Recorded data
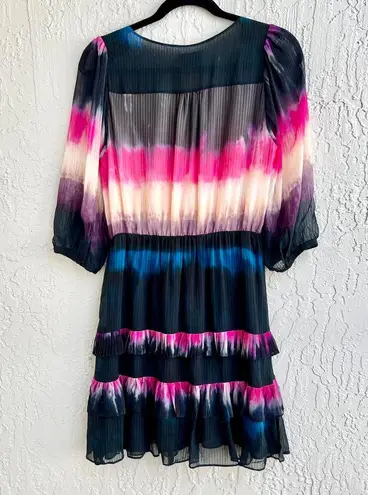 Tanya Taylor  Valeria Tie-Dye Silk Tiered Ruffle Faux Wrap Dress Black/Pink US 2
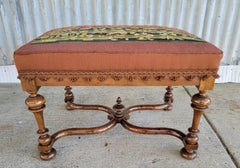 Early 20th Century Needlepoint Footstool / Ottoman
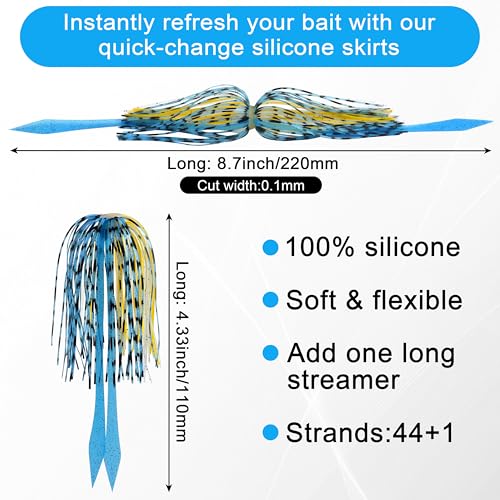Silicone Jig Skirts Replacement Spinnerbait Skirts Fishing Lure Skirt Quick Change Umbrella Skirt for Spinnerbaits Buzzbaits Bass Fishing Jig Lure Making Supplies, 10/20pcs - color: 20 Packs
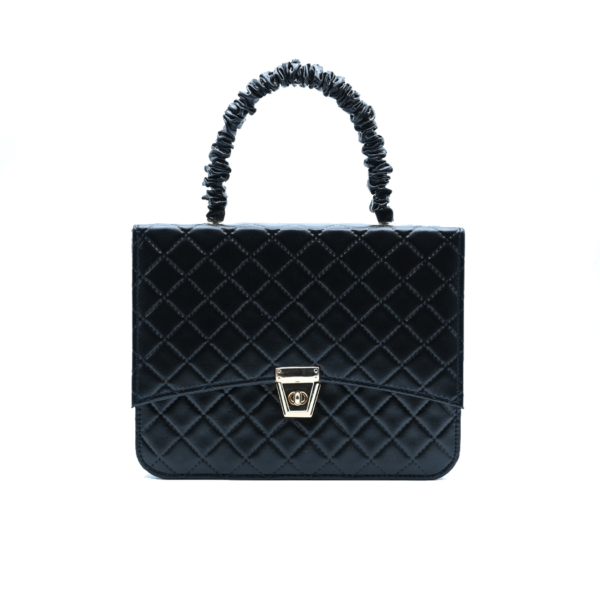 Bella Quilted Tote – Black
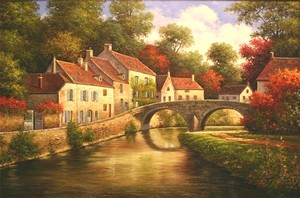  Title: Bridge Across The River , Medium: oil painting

EXERCISE REQUIREMENTS
Produce the lines from the first line of the entries through the line that contains "Early 20th Century", exactly, leaving the pictures behind.

THE COMPLETED TASK
 Tanya Taylor  Valeria Tie-Dye Silk Tiered Ruffle Faux Wrap Dress Black/Pink US 2
 Early 20th Century Needlepoint Footstool / Ottoman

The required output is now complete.